> **Prompt**: For this task, output exactly the lines of the material below starting at the line with "The sights on" and ending at the line with "Add in common"; pictures are to be excluded.

> **Data in this exercise**:

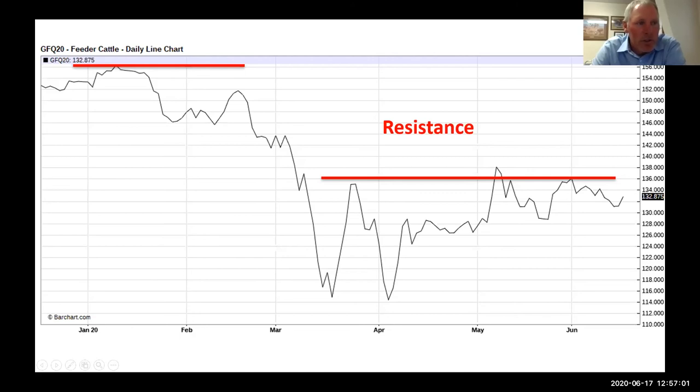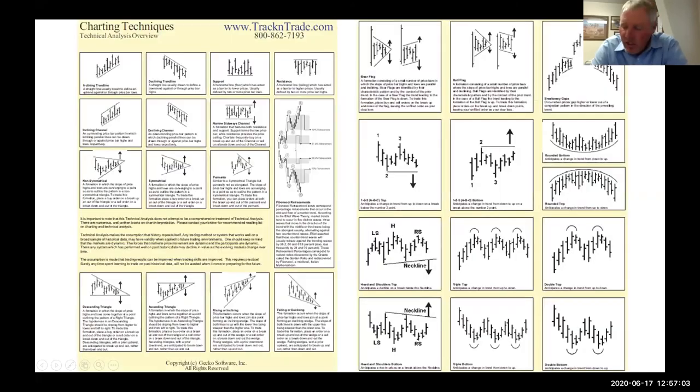You can download charting cheat sheets from trackandtrade.com — they have a great little tool for learning these techniques.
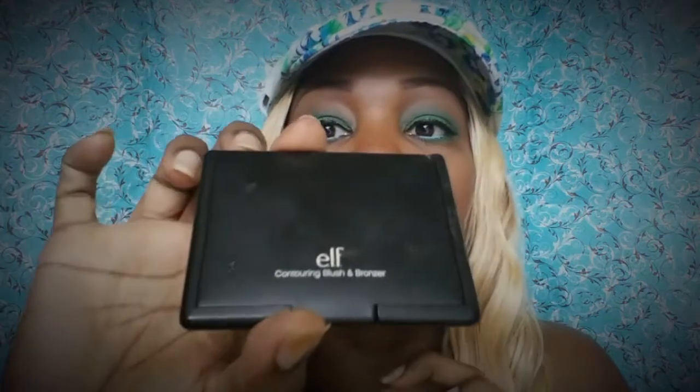On my cheeks is the ELF contouring blush and bronzer, and this is in Antigua. I don't know if you can see that — it looks like this.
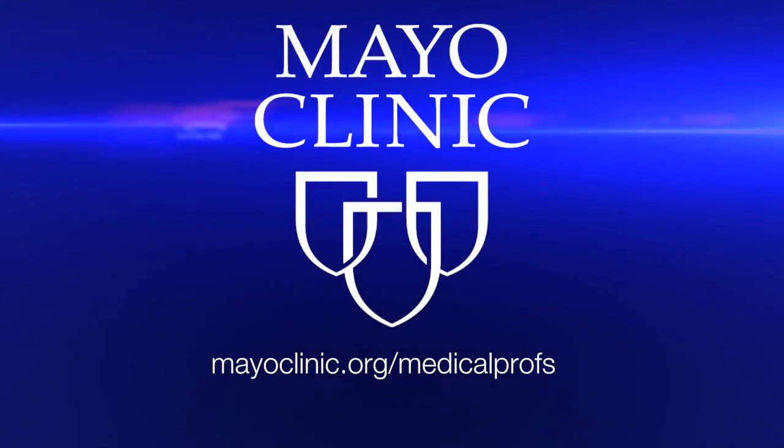Thank you very much, Dr. Evans. Again, this is the fourth annual symposium on regenerative medicine, and Dr. Christopher Evans was a part of the symposium. Thank you very much. Thank you, Carmen.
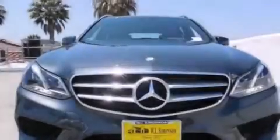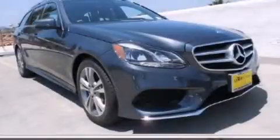With an EPA estimated rating of 27 miles per gallon on the highway, it's easy to see how you can save. Contact us today and schedule your opportunity to see this vehicle in person.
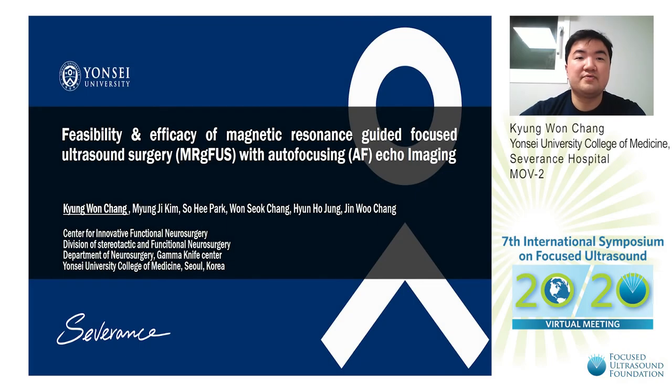Hello, I'm Kyungwon Cheng from Yonsei University, Severance Hospital in South Korea.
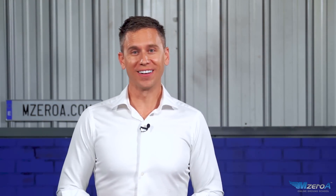Hey everyone. Jason Schappert of the MZeroA Online Ground School. In this video, we're going to make holding patterns easy.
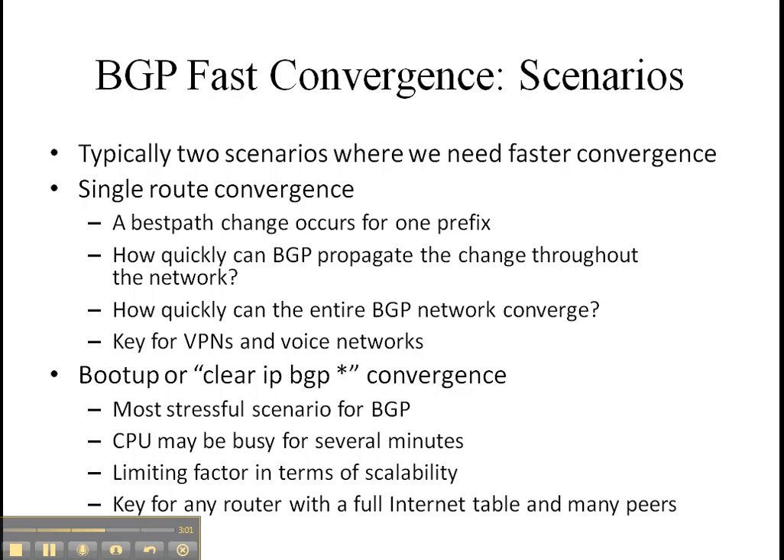So what drives BGP fast convergence? The same thing that drives convergence with your IGP — to minimize outages.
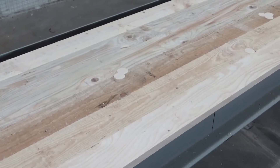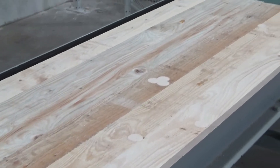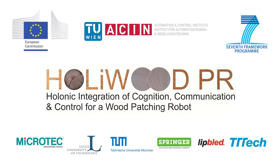The research project leading to the presented results was funded by the European Union. Within this project, TU Wien successfully cooperated with several companies and universities.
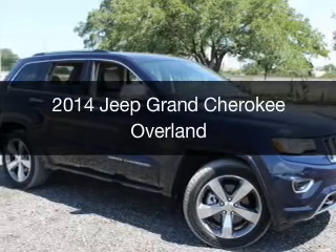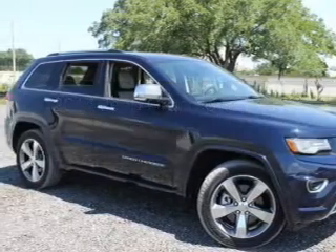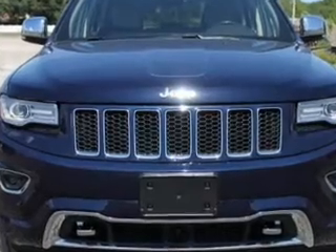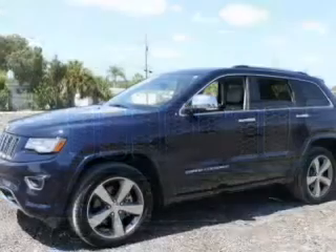This is a used 2014 Jeep Grand Cherokee. It's powered by 4-wheel drive, a 5.7-liter 8-cylinder engine, and an automatic transmission.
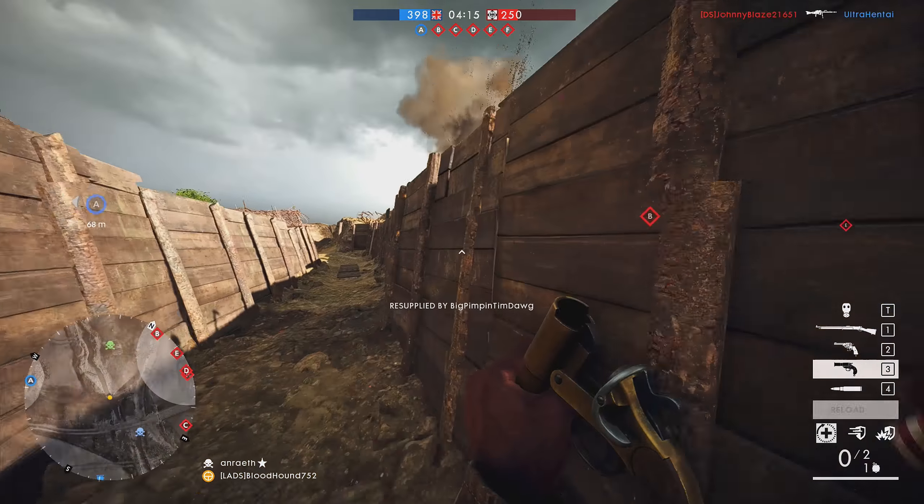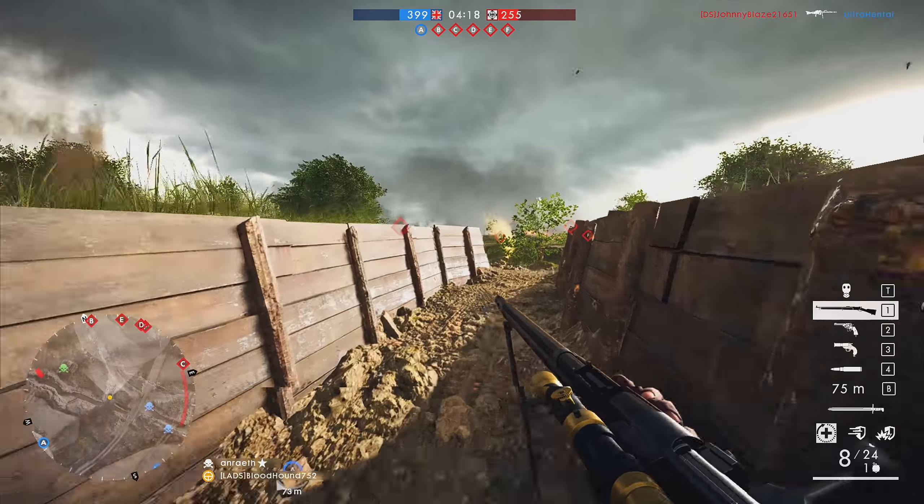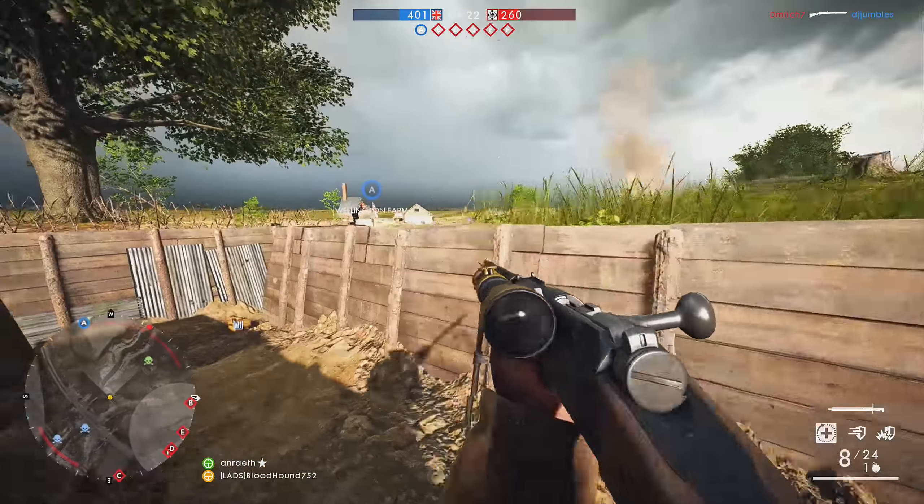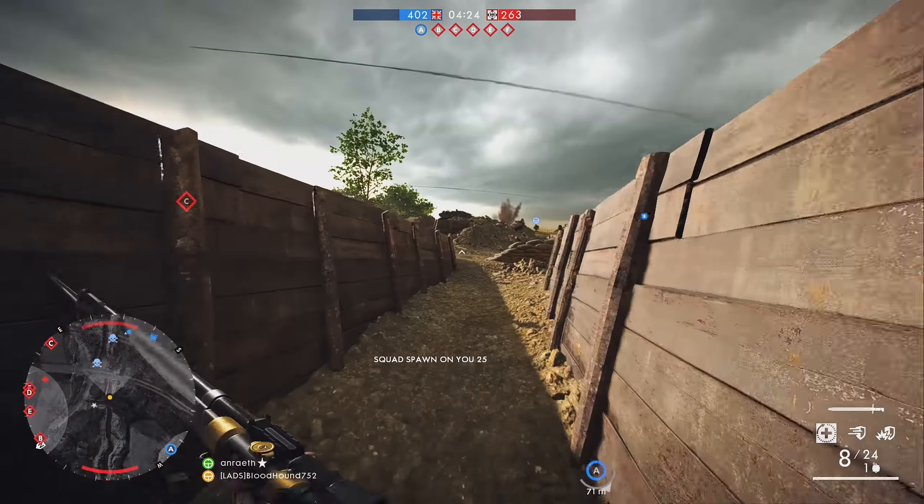The sights on the Lebel were pretty small and stayed low to the barrel. This isn't an issue when it comes to closer range engagements, but when you're pushing a few hundred yards, the sights just can't compete.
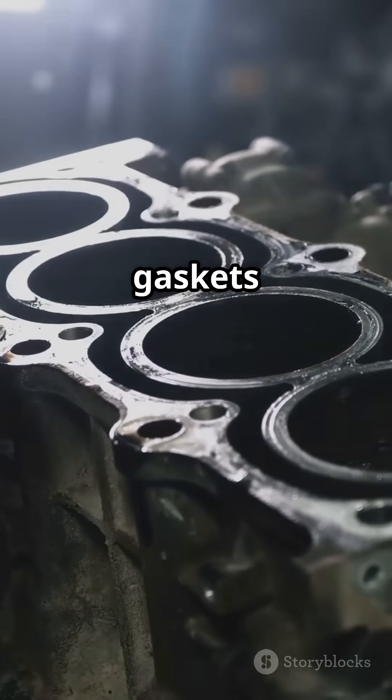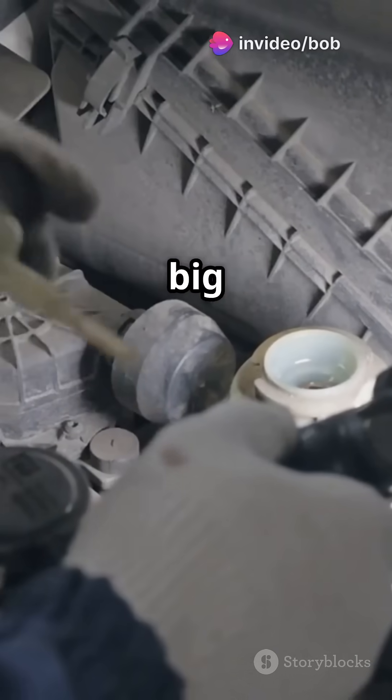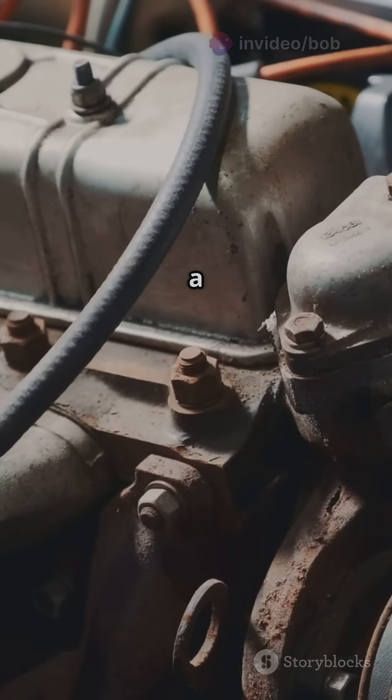Add in common oil leaks from gaskets and seals, and you've got a recipe for low oil levels and big repair bills. So yes, the timing chain is better, but the oil pump belt is still a weak link.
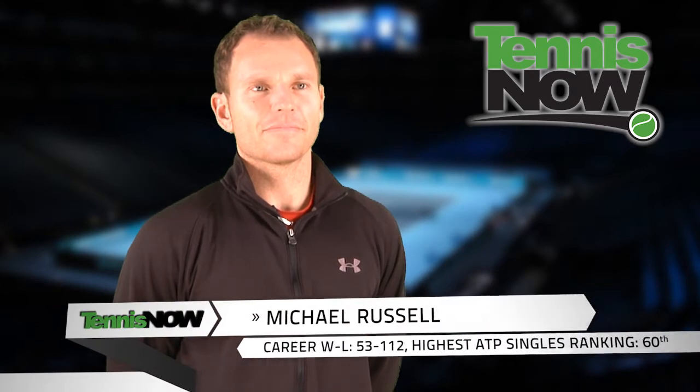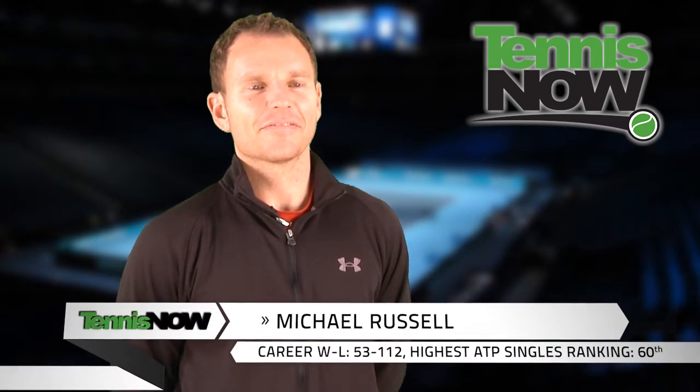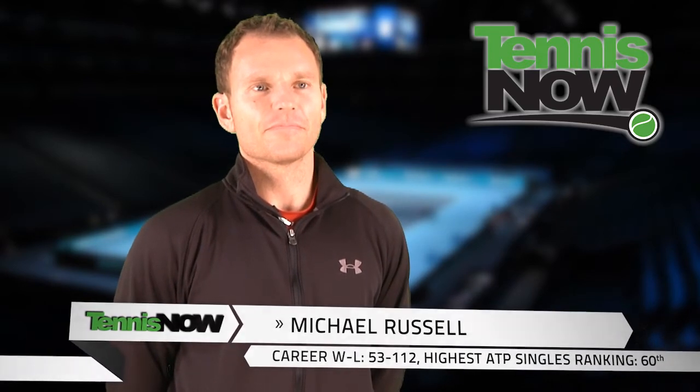Hey there, tennis fans. We are here with Top 100 ATP Pro Michael Russell. Thanks for joining us, Michael. Thanks, sir. We're going to talk to him about how he prepares for his matches, as well as a couple of other things going on on the ATP Tour. So let's get started.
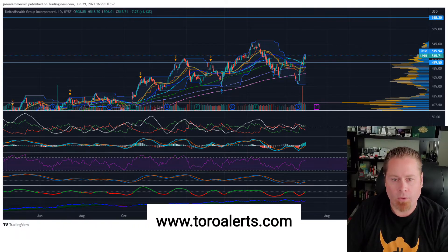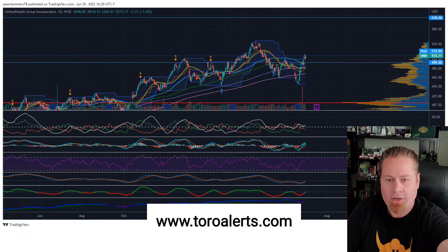Make sure to download the Toro Alerts app on the App Store. We've got one for stocks and one for crypto, and make sure to like and share. We'll see you next time.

> **Answer space**:
The sights on the Lebel were pretty small and stayed low to the barrel. This isn't an issue when it comes to closer range engagements, but when you're pushing a few hundred yards, the sights just can't compete.
Add in common oil leaks from gaskets and seals, and you've got a recipe for low oil levels and big repair bills. So yes, the timing chain is better, but the oil pump belt is still a weak link.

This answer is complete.